▶ ASSIGNMENT
Reproduce, please, the line that holds "贵族田朴珺?靠夫上位,独立女性人设,办贵族学校,实则圈钱作势" and all later lines through the end of the entries below, exactly; omit pictures.

★ ★ ★ ★

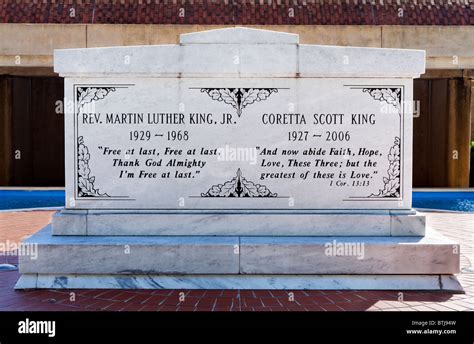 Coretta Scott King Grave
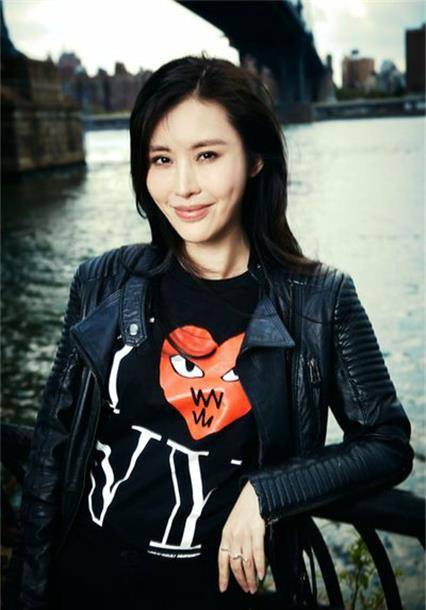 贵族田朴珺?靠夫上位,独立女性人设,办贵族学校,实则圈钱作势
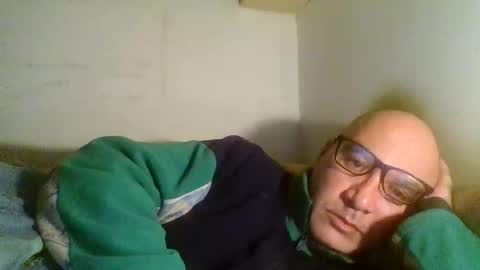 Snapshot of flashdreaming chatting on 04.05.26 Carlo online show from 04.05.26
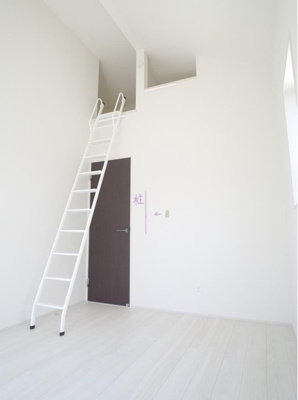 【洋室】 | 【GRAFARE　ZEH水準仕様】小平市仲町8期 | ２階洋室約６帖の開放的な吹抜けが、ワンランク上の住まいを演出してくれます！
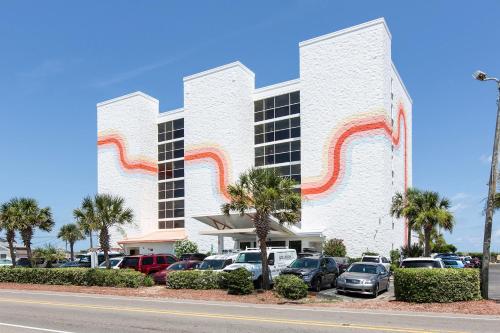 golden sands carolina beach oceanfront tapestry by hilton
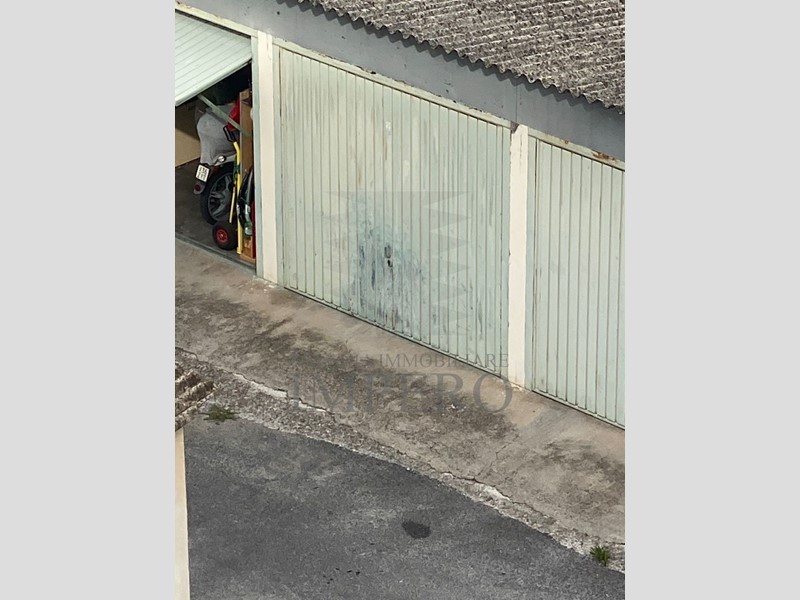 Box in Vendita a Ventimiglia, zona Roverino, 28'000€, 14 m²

★ ★ ★ ★

▶ RESULT FOR THIS EXERCISE
 贵族田朴珺?靠夫上位,独立女性人设,办贵族学校,实则圈钱作势
 Snapshot of flashdreaming chatting on 04.05.26 Carlo online show from 04.05.26
 【洋室】 | 【GRAFARE　ZEH水準仕様】小平市仲町8期 | ２階洋室約６帖の開放的な吹抜けが、ワンランク上の住まいを演出してくれます！
 golden sands carolina beach oceanfront tapestry by hilton
 Box in Vendita a Ventimiglia, zona Roverino, 28'000€, 14 m²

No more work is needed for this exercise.